PROBLEM
In the data below, find each line that contains the word "with" and copy it.

☆ ☆ ☆ ☆ ☆

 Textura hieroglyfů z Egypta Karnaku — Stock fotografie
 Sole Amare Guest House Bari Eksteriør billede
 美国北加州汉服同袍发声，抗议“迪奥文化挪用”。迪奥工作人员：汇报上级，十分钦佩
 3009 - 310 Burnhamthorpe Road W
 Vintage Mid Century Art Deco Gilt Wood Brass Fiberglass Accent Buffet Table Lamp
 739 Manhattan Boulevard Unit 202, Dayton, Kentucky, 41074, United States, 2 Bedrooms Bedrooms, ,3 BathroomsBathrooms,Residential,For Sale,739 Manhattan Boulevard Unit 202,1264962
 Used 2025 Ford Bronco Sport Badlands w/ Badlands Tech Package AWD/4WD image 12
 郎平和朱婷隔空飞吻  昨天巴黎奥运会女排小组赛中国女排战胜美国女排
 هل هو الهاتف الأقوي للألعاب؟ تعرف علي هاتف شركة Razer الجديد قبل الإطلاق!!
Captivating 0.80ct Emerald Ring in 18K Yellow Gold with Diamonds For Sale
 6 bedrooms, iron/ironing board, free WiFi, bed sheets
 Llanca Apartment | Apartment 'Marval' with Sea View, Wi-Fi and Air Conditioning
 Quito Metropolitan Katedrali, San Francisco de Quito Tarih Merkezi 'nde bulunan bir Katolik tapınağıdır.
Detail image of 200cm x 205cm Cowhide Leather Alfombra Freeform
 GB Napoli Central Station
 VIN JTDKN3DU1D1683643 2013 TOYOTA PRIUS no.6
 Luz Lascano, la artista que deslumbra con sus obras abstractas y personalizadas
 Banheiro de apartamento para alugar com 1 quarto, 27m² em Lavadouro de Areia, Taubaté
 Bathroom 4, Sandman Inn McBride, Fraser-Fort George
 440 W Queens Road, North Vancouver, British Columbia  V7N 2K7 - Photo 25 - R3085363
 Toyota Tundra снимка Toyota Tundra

☆ ☆ ☆ ☆ ☆

SOLUTION FOR THIS EXERCISE
Captivating 0.80ct Emerald Ring in 18K Yellow Gold with Diamonds For Sale
 Llanca Apartment | Apartment 'Marval' with Sea View, Wi-Fi and Air Conditioning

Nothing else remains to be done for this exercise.